The Taiyuan University of Technology research is testing software agents that crawl through any search engine looking not only for searched keyword results but also for any personal data that's been collected about the surfer. The goal here is to use information about the surfer's background or interests, combined with information about their past searches, to filter out extraneous results.
"The Working Party will deal with search engines in general and scrutinize their activities from a data protection point of view, because this issue affects an ever growing number of users," the group said in a statement.
Google is the first major search engine provider to offer some visibility into its data retention policies, but the Article 29 Working Group wants the search leader to go further. Google in May provided the group with information about how long it stores server-log information. The company's policy is to "anonymize" server logs that are older than 18-24 months, a practice that the group said, in a letter to Google Privacy Counsel Peter Fleischer, "does not seem to meet the requirements of the European legal data protection framework." Further, Google hasn't specified to the group's satisfaction the purposes for which server logs are kept.
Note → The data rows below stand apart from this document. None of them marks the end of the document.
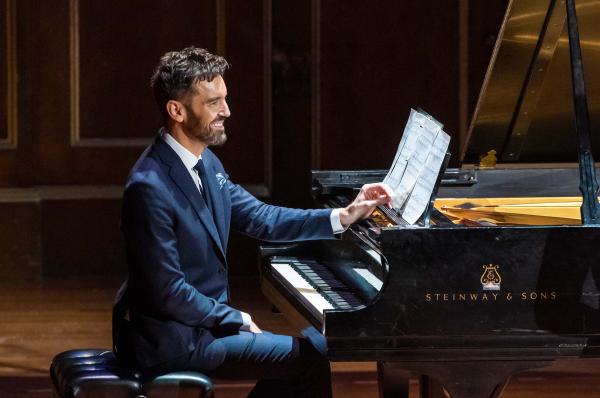 Cameron Stowe on stage seated at a piano.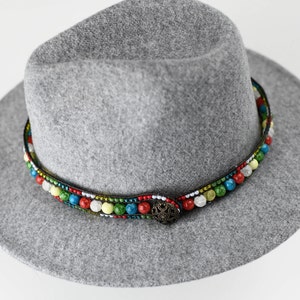 May include: A gray felt fedora hat with a colorful beaded band. The band features a variety of colors, including red, green, blue, and yellow. The hat has a wide brim and a button on the top.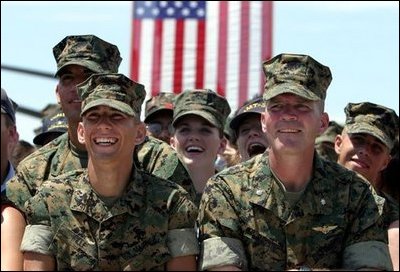 Marines react to remarks by President George W. Bush to military personnel and their families at Marine Air Corps Station Miramar near San Diego, CA on August 14, 2003.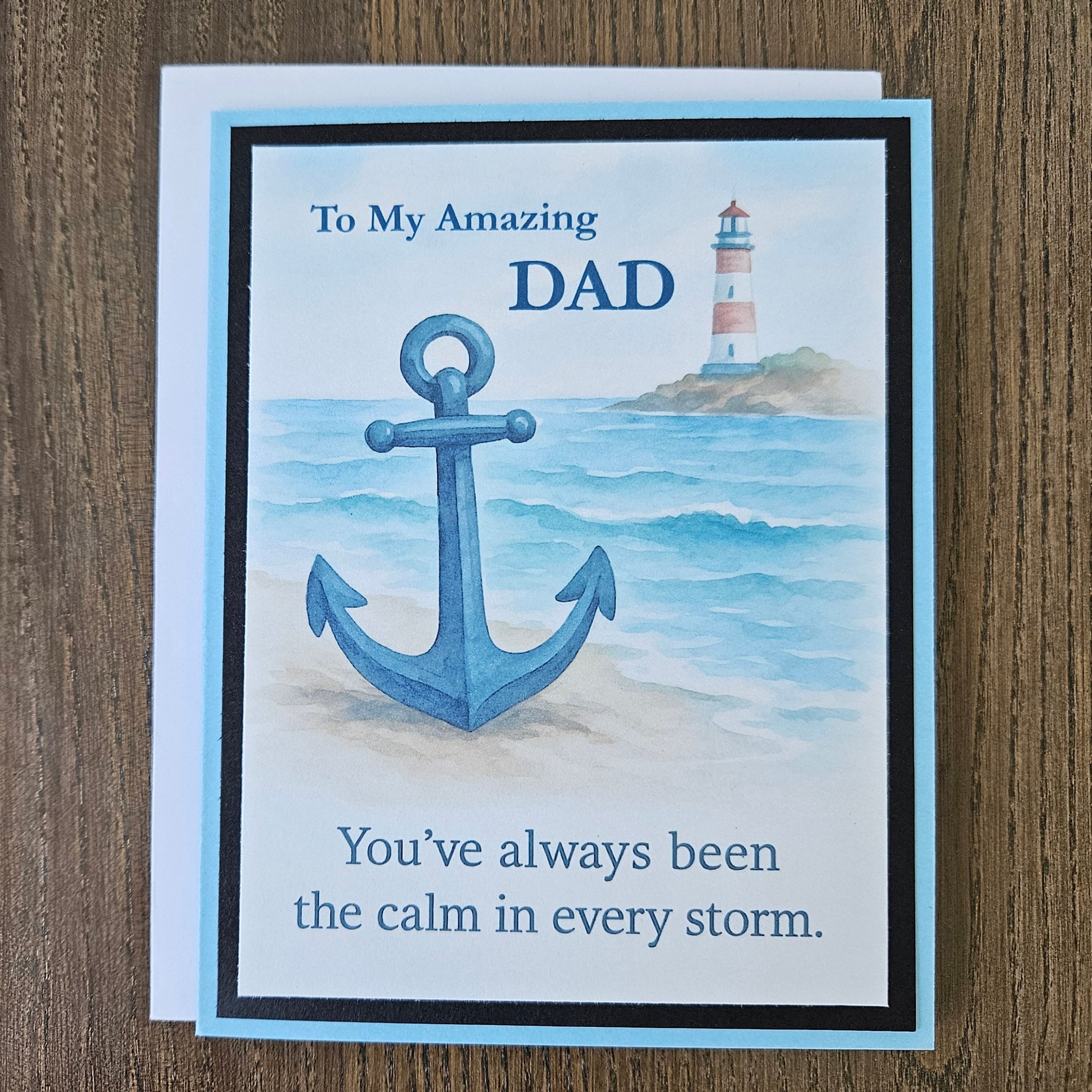 A2 greeting card for Dad featuring a nautical design with a large blue anchor, a lighthouse, and the text 'To My Amazing DAD' and 'You've always been the calm in every storm.' The card is photographed on a brown wood surface.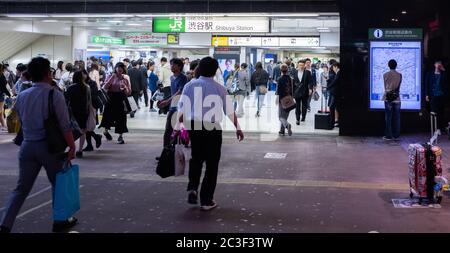 Commuter at Japan Railway Shibuya Station at night, Tokyo, Japan Stock Photo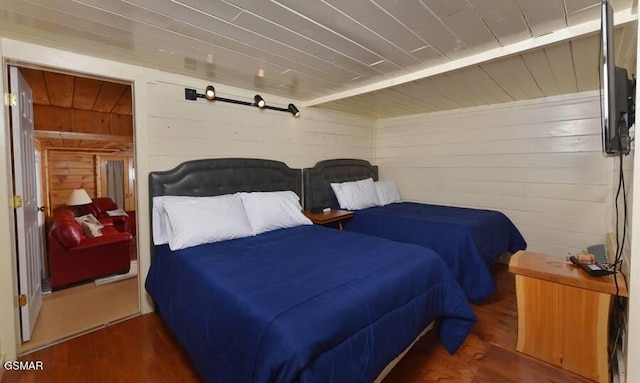 bedroom with dark hardwood / wood-style floors and wooden walls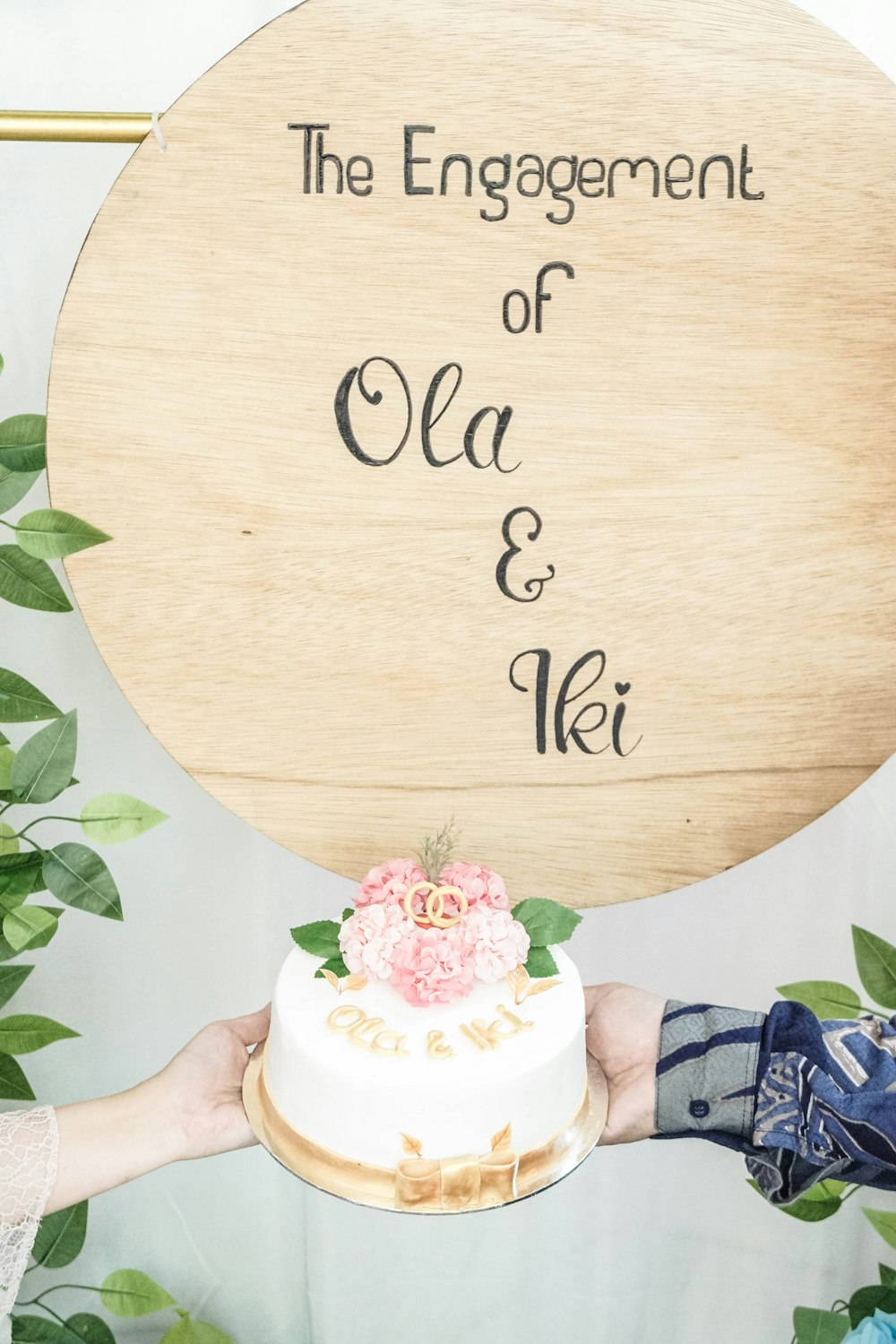 a person holding a cake in front of a wooden sign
The group does like Google's plans to use more anonymous data, but notes that even "anonymized" data can still contain the user's network prefix. There are also concerns that Google can reverse the process used to make users anonymous when it wants more info about a surfer. The group has pointed out that, even though Google is based in the United States, it is legally obligated to comply with European privacy laws. The same applies to Google's competitors in the search market, including Microsoft and Yahoo, neither of which has specified any time limits on the data that they hold on users.
More than half of all searches are conducted using the Google search engine, while Yahoo is used about 21% of the time, and Microsoft MSN/Windows Live Search is tapped about 8%, according to the Nielsen//NetRatings MegaView Search report for June 2007.
Search data privacy concerns are likely to be perceived differently depending upon the surfer's age, said Mark Lobel in an interview. Lobel is a partner in PricewaterhouseCoopers Advisory Services practice who focuses on information privacy and security. In general, baby boomers have a greater expectation of that a Web site or search engine will keep their information confidential, unless the user explicitly gives permission to share that information. "Generation Y is much more willing to trade their privacy for value," he told InformationWeek.
Indeed, user demographics are likely to play an important role in the future of privacy on the Web when permissive data sharing is involved. The E.U. is more concerned with the subtle aggregation and sales of search data, and it's going to continue to press search engine companies until they come clean.